Scala Native Next Steps

In addition to Graalvm native image, there is also a proposal for an OpenJDK “Project Leyden” which if it goes ahead would also seem to be targeting a somewhat similar space.

“And that ecosystem would still be 5-10 years behind what Go and Rust offer right now”.

The advantage of Scala over Rust would be that it is easier to program in. The problem with Rust is its borrow checker, which can make programming challenging. I have programmed in Rust and find it comparable to a door-to-door combat scenario, one building at a time, and often the need to back track when facing the wrath of the borrow checker, and strategize about a new approach.

Klaus

2 Likes

I don’t know about Project Leyden, but the GraalVM native image only addresses some of the things that Scala Native can do. Basically, the native image gives you a native executable of a standard JVM program. That means you are limited to what the JVM limits you to. You can’t do system programming or make optimizations based on memory locality in a native image. A quick look at an article on Project Leyden implies it has the same goal as GraalVM Native Image, they both allow for quick startup because there is no VM to spin up. Outside of that though, it doesn’t look like they offer anything else. That’s far from what Scala Native provides.

Disclaimer: I’ve never used Graalvm, but the compiler options look like it can link against LLVM bitcode and lots of other languages, hence I would have thought that is could be used for systems programming.

Having a page that objectively compares the pros/cons of Scala Native vs Graalvm native would probably be interesting/helpful for engineers trying to evaluate these technologies.

I didn’t look all that closely, but scanning https://www.graalvm.org/docs/reference-manual/native-image/ doesn’t make me think they are equivalent. Even if you can make calls to C libraries through the linker, that’s not really enough to do system programming unless they introduce new types for storing pointers. Scala Native has a Ptr[A] type that lets you really interact with memory at a low-level. I haven’t seen anything indicating the GraalVM has anything similar. It would be more like making JNI calls on the JVM than actually having low-level access to the machine.
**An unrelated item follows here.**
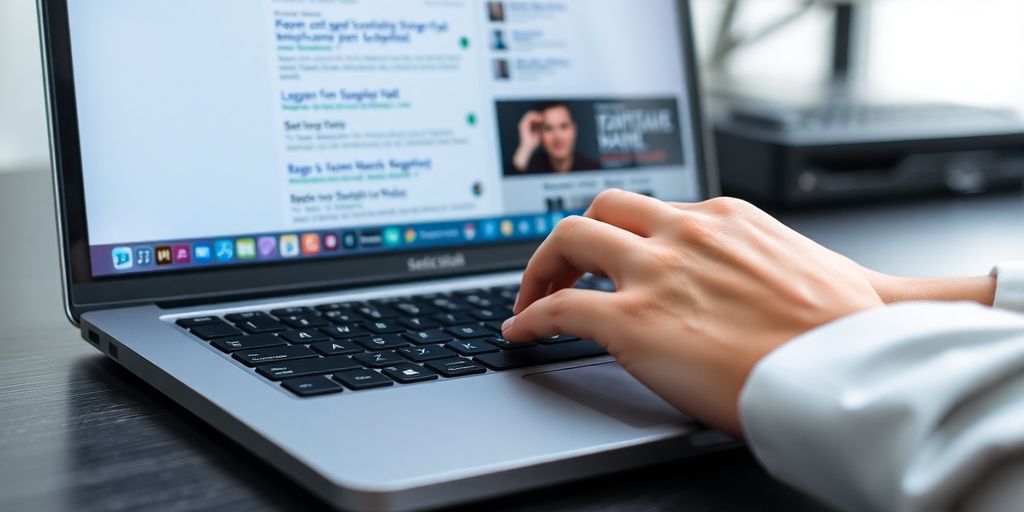 Person researching keywords on a laptop.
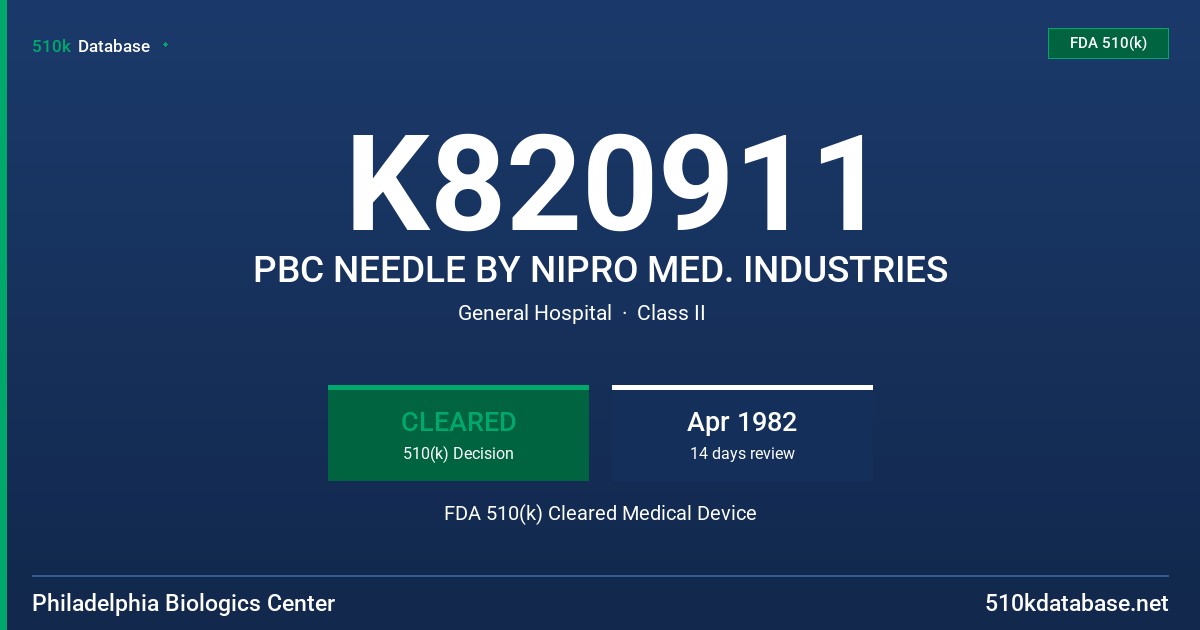 K820911 PBC NEEDLE BY NIPRO MED. INDUSTRIES FDA 510(k) Cleared Medical Device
Java has http://openjdk.java.net/projects/panama/ for dealing with native libraries and native memory and http://openjdk.java.net/projects/valhalla for flattening objects’ representation (i.e. reducing pointer chasing). Part of Project Panama that deals with low-level memory access is already incubating as part of http://openjdk.java.net/projects/jdk/14/ The documentation of https://openjdk.java.net/jeps/370 is here: https://download.java.net/java/GA/jdk14/docs/api/jdk.incubator.foreign/module-summary.html IMHO there’s a high chance that this will be supported by GraalVM eventually.

I’m not sure about the system programming part, but there are already GraalVM native-image-compatible libraries like https://github.com/remkop/picocli that facilitate writing AOT-compiled command line tools.

6 Likes

Exciting news! As mentioned above, picocli offers tooling to make it easy to create GraalVM native images for picocli-based command line applications. I would like to learn more to see how picocli can be improved to also make it easy for people to write Scala Native command line applications with it.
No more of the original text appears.